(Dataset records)

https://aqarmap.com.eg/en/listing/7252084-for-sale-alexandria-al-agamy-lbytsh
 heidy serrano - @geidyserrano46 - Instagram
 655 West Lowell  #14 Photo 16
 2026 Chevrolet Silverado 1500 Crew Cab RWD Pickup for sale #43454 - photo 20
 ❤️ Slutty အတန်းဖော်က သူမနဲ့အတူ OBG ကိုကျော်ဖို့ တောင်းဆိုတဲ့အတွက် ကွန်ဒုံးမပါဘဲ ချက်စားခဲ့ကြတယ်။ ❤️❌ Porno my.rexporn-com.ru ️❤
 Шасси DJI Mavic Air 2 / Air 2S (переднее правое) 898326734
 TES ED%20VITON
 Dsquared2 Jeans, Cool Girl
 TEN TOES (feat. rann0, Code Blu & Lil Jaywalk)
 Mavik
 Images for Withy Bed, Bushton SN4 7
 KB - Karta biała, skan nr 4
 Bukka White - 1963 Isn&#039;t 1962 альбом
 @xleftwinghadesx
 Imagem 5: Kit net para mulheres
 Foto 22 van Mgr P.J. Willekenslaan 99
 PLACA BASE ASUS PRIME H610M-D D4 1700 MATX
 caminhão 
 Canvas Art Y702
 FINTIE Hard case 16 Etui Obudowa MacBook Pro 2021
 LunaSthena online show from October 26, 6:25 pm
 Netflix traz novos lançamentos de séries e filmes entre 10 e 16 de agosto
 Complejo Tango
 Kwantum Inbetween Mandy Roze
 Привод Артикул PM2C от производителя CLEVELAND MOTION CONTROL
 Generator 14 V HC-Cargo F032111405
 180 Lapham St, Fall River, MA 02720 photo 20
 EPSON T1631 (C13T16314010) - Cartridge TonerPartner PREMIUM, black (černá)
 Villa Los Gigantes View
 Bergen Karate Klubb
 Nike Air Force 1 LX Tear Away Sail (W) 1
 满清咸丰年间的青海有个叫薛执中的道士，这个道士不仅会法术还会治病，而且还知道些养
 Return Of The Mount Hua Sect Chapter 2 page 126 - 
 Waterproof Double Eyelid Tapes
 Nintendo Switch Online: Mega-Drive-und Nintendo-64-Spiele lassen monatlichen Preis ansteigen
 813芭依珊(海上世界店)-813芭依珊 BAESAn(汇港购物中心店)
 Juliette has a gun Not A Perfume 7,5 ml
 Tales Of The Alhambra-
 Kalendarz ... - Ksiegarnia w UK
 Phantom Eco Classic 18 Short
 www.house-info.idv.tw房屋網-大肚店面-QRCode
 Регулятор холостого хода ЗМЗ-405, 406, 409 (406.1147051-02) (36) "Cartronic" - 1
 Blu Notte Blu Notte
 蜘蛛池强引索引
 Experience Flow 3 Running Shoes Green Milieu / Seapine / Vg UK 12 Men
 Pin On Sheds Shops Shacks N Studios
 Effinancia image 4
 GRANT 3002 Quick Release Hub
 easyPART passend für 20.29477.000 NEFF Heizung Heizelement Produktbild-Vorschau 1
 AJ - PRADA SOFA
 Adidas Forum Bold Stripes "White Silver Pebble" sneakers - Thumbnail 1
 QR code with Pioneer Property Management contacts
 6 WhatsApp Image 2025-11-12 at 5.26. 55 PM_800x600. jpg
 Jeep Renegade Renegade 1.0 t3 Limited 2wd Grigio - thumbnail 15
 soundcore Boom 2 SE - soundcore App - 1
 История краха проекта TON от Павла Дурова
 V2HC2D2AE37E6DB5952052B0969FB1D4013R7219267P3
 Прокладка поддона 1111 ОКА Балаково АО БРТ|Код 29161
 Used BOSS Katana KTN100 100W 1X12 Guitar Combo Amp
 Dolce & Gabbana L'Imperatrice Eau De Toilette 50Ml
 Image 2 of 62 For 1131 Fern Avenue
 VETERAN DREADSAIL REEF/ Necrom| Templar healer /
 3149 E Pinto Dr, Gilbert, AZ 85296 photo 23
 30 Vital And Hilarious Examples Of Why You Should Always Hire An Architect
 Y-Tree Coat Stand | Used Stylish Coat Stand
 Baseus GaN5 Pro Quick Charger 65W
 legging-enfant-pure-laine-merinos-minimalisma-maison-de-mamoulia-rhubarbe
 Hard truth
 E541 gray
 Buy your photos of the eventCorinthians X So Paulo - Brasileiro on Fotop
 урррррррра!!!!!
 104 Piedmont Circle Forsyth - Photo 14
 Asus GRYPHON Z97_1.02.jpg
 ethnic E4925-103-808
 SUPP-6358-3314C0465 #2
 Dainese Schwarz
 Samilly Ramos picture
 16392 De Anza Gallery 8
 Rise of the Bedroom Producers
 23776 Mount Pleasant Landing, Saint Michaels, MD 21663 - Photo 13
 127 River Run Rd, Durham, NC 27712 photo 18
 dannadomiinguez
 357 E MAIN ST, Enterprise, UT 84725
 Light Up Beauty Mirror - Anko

■ **Action item**: Go through the entries above and write each one out exactly.

■ **Response**:
https://aqarmap.com.eg/en/listing/7252084-for-sale-alexandria-al-agamy-lbytsh
 heidy serrano - @geidyserrano46 - Instagram
 655 West Lowell  #14 Photo 16
 2026 Chevrolet Silverado 1500 Crew Cab RWD Pickup for sale #43454 - photo 20
 ❤️ Slutty အတန်းဖော်က သူမနဲ့အတူ OBG ကိုကျော်ဖို့ တောင်းဆိုတဲ့အတွက် ကွန်ဒုံးမပါဘဲ ချက်စားခဲ့ကြတယ်။ ❤️❌ Porno my.rexporn-com.ru ️❤
 Шасси DJI Mavic Air 2 / Air 2S (переднее правое) 898326734
 TES ED%20VITON
 Dsquared2 Jeans, Cool Girl
 TEN TOES (feat. rann0, Code Blu & Lil Jaywalk)
 Mavik
 Images for Withy Bed, Bushton SN4 7
 KB - Karta biała, skan nr 4
 Bukka White - 1963 Isn&#039;t 1962 альбом
 @xleftwinghadesx
 Imagem 5: Kit net para mulheres
 Foto 22 van Mgr P.J. Willekenslaan 99
 PLACA BASE ASUS PRIME H610M-D D4 1700 MATX
 caminhão 
 Canvas Art Y702
 FINTIE Hard case 16 Etui Obudowa MacBook Pro 2021
 LunaSthena online show from October 26, 6:25 pm
 Netflix traz novos lançamentos de séries e filmes entre 10 e 16 de agosto
 Complejo Tango
 Kwantum Inbetween Mandy Roze
 Привод Артикул PM2C от производителя CLEVELAND MOTION CONTROL
 Generator 14 V HC-Cargo F032111405
 180 Lapham St, Fall River, MA 02720 photo 20
 EPSON T1631 (C13T16314010) - Cartridge TonerPartner PREMIUM, black (černá)
 Villa Los Gigantes View
 Bergen Karate Klubb
 Nike Air Force 1 LX Tear Away Sail (W) 1
 满清咸丰年间的青海有个叫薛执中的道士，这个道士不仅会法术还会治病，而且还知道些养
 Return Of The Mount Hua Sect Chapter 2 page 126 - 
 Waterproof Double Eyelid Tapes
 Nintendo Switch Online: Mega-Drive-und Nintendo-64-Spiele lassen monatlichen Preis ansteigen
 813芭依珊(海上世界店)-813芭依珊 BAESAn(汇港购物中心店)
 Juliette has a gun Not A Perfume 7,5 ml
 Tales Of The Alhambra-
 Kalendarz ... - Ksiegarnia w UK
 Phantom Eco Classic 18 Short
 www.house-info.idv.tw房屋網-大肚店面-QRCode
 Регулятор холостого хода ЗМЗ-405, 406, 409 (406.1147051-02) (36) "Cartronic" - 1
 Blu Notte Blu Notte
 蜘蛛池强引索引
 Experience Flow 3 Running Shoes Green Milieu / Seapine / Vg UK 12 Men
 Pin On Sheds Shops Shacks N Studios
 Effinancia image 4
 GRANT 3002 Quick Release Hub
 easyPART passend für 20.29477.000 NEFF Heizung Heizelement Produktbild-Vorschau 1
 AJ - PRADA SOFA
 Adidas Forum Bold Stripes "White Silver Pebble" sneakers - Thumbnail 1
 QR code with Pioneer Property Management contacts
 6 WhatsApp Image 2025-11-12 at 5.26. 55 PM_800x600. jpg
 Jeep Renegade Renegade 1.0 t3 Limited 2wd Grigio - thumbnail 15
 soundcore Boom 2 SE - soundcore App - 1
 История краха проекта TON от Павла Дурова
 V2HC2D2AE37E6DB5952052B0969FB1D4013R7219267P3
 Прокладка поддона 1111 ОКА Балаково АО БРТ|Код 29161
 Used BOSS Katana KTN100 100W 1X12 Guitar Combo Amp
 Dolce & Gabbana L'Imperatrice Eau De Toilette 50Ml
 Image 2 of 62 For 1131 Fern Avenue
 VETERAN DREADSAIL REEF/ Necrom| Templar healer /
 3149 E Pinto Dr, Gilbert, AZ 85296 photo 23
 30 Vital And Hilarious Examples Of Why You Should Always Hire An Architect
 Y-Tree Coat Stand | Used Stylish Coat Stand
 Baseus GaN5 Pro Quick Charger 65W
 legging-enfant-pure-laine-merinos-minimalisma-maison-de-mamoulia-rhubarbe
 Hard truth
 E541 gray
 Buy your photos of the eventCorinthians X So Paulo - Brasileiro on Fotop
 урррррррра!!!!!
 104 Piedmont Circle Forsyth - Photo 14
 Asus GRYPHON Z97_1.02.jpg
 ethnic E4925-103-808
 SUPP-6358-3314C0465 #2
 Dainese Schwarz
 Samilly Ramos picture
 16392 De Anza Gallery 8
 Rise of the Bedroom Producers
 23776 Mount Pleasant Landing, Saint Michaels, MD 21663 - Photo 13
 127 River Run Rd, Durham, NC 27712 photo 18
 dannadomiinguez
 357 E MAIN ST, Enterprise, UT 84725
 Light Up Beauty Mirror - Anko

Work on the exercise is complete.